Supported Algorithms

Supported Algorithms

ML Commons supports various algorithms to help train and predict machine learning (ML) models or test data-driven predictions without a model. This page outlines the algorithms supported by the ML Commons plugin and the API operations they support.

Common limitation

Except for the Localization algorithm, all of the following algorithms can only support retrieving 10,000 documents from an index as an input.

K-means

K-means is a simple and popular unsupervised clustering ML algorithm built on top of Tribuo library. K-means will randomly choose centroids, then calculate iteratively to optimize the position of the centroids until each observation belongs to the cluster with the nearest mean.

Parameters

Parameter	Type	Description	Default Value
centroids	integer	The number of clusters in which to group the generated data	`2`
iterations	integer	The number of iterations to perform against the data until a mean generates	`10`
distance_type	enum, such as `EUCLIDEAN`, `COSINE`, or `L1`	The type of measurement from which to measure the distance between centroids	`EUCLIDEAN`

APIs

Example

The following example uses the Iris Data index to train k-means synchronously.

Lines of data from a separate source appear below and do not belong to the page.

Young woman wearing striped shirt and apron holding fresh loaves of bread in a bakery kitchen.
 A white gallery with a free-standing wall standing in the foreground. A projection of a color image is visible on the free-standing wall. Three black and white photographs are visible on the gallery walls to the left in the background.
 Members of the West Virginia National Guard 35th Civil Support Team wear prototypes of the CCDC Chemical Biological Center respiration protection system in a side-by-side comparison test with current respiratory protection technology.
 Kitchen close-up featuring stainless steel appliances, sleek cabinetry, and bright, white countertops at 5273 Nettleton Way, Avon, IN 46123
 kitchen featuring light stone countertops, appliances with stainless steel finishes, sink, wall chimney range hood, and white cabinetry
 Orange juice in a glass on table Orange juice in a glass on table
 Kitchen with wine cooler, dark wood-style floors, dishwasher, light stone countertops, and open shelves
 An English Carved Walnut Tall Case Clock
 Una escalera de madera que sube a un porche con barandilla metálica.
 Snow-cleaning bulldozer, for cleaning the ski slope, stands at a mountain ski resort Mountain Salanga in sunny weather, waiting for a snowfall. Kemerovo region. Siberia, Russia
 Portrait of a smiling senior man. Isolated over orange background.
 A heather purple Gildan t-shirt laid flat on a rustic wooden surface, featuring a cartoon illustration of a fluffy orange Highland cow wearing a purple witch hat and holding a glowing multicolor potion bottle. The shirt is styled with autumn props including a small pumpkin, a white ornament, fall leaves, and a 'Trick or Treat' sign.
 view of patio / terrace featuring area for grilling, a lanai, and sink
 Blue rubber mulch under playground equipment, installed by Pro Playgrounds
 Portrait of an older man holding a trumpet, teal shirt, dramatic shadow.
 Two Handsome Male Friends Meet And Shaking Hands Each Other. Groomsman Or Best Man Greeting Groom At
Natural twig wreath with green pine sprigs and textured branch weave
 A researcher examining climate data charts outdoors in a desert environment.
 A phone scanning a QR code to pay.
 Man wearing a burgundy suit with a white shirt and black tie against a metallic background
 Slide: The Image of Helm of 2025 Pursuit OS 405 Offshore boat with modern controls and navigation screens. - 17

POST /_plugins/_ml/_train/kmeans
{
    "parameters": {
        "centroids": 3,
        "iterations": 10,
        "distance_type": "COSINE"
    },
    "input_query": {
        "_source": ["petal_length_in_cm", "petal_width_in_cm"],
        "size": 10000
    },
    "input_index": [
        "iris_data"
    ]
}

Limitations

The training process supports multi-threads, but the number of threads should be less than half of the number of CPUs.

Linear regression

Linear regression maps the linear relationship between inputs and outputs. In ML Commons, the linear regression algorithm is adopted from the public machine learning library Tribuo, which offers multidimensional linear regression models. The model supports the linear optimizer in training, including popular approaches like Linear Decay, SQRT_DECAY, ADA, ADAM, and RMS_DROP.

Parameters

Parameter	Type	Description	Default Value
learningRate	Double	The initial step size used in an iterative optimization algorithm.	0.01
momentumFactor	Double	The extra weight factors that accelerate the rate at which the weight is adjusted. This helps move the minimization routine out of local minima.	0
epsilon	Double	The value for stabilizing gradient inversion.	1.00E-06
beta1	Double	The exponential decay rates for the moment estimates.	0.9
beta2	Double	The exponential decay rates for the moment estimates.	0.99
decayRate	Double	The Root Mean Squared Propagation (RMSProp).	0.9
momentumType	MomentumType	The defined Stochastic Gradient Descent (SGD) momentum type that helps accelerate gradient vectors in the right directions, leading to a fast convergence.	STANDARD
optimizerType	OptimizerType	The optimizer used in the model.	SIMPLE_SGD

APIs

Example

The following example creates a new prediction based on the previously trained linear regression model.

Request

POST _plugins/_ml/_predict/LINEAR_REGRESSION/ROZs-38Br5eVE0lTsoD9
{
  "parameters": {
    "target": "price"
  },
  "input_data": {
    "column_metas": [
      {
        "name": "A",
        "column_type": "DOUBLE"
      },
      {
        "name": "B",
        "column_type": "DOUBLE"
      }
    ],
    "rows": [
      {
        "values": [
          {
            "column_type": "DOUBLE",
            "value": 3
          },
          {
            "column_type": "DOUBLE",
            "value": 5
          }
        ]
      }
    ]
  }
}

Response

{
  "status": "COMPLETED",
  "prediction_result": {
    "column_metas": [
      {
        "name": "price",
        "column_type": "DOUBLE"
      }
    ],
    "rows": [
      {
        "values": [
          {
            "column_type": "DOUBLE",
            "value": 17.25701855310131
          }
        ]
      }
    ]
  }
}

Limitations

ML Commons only supports the linear Stochastic gradient trainer or optimizer, which cannot effectively map the non-linear relationships in trained data. When used with complicated datasets, the linear Stochastic trainer might cause some convergence problems and inaccurate results.

RCF

Random Cut Forest (RCF) is a probabilistic data structure used primarily for unsupervised anomaly detection. Its use also extends to density estimation and forecasting. OpenSearch leverages RCF for anomaly detection. ML Commons supports two new variants of RCF for different use cases:

Batch RCF: Detects anomalies in non-time series data.
Fixed in time (FIT) RCF: Detects anomalies in time series data.

Parameters

Batch RCF

Parameter	Type	Description	Default Value
number_of_trees	integer	The number of trees in the forest.	30
sample_size	integer	The same size used by the stream samplers in the forest.	256
output_after	integer	The number of points required by stream samplers before results return.	32
training_data_size	integer	The size of your training data.	Dataset size
anomaly_score_threshold	double	The threshold of the anomaly score.	1.0

Fit RCF

All parameters are optional except time_field.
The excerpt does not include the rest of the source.